I hate it when things in a project go too well. It usually means that things are due to go not very well in a short while. I’ve got my Large Language Model running on a Pi 5 and I thought I’d use this to create “The Exchange”. This will work with “The Red Telephone”. The idea is that you pick up the receiver on your telephone and dial a “3”. A robotic voice asks you to state your business. You give your question and then put the receiver down. After a decent interval “The Exchange” rings back with the answer.
To make this work the phone needs to capture audio input from the phone, use speech to text to get the question text and send this to the Large Language Model Pi 5. The Pi 5 will respond with the answer and I can use the text to speech in the red phone to deliver the answer. Sounds simple enough.

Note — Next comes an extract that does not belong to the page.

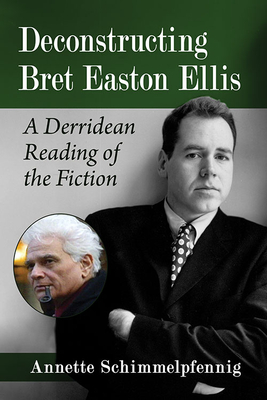 Deconstructing Bret Easton Ellis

I’ve found this lovely library which can run on the Raspberry Pi Zero in the phone and convert speech to text. It’s a bit slow, but I don’t care about that because I can record the question and then use speech to text on recorded sound file after the user has rung off. So the next thing I need to do is find something I can use to record audio into the Pi. Up pops https://www.npmjs.com/package/node-record-lpcm16 and that works a treat too. At this point my spidey sense is tingling a bit because things are going too well.
So I start to build the program. I write the code that tells the user to state their question and then records their response. It’s bound to work because I’ve tested it. But of course it doesn’t. The speech playback (using eSpeak) works a treat but the audio recorder fails because it can’t find the input device. Everything works fine individually. The only time it fails is when I ask it to do what I want it to do. I get this a lot when writing software.
I do have a fix though. If I run the whole application as a super-user it works. I’ve no idea what the speech generator is doing with the sound device, but giving the sound recorder awesome system powers seems to enable it to find a sound input device and make a recording.
I’ve spent a bit more time investigating the problem. I’ve added a timeout after the speech output finishes to give it time to release resources. I’ve tried different device names rather than the default one. But nothing works.
It’s not a huge problem if the application has to run as supervisor I suppose (although I’m not a fan of this approach). And I consider “Because it works that way” a perfectly reasonable answer to the question “Why have you done it that way?”. So I’m going to pop the question on the back burner for now and carry on.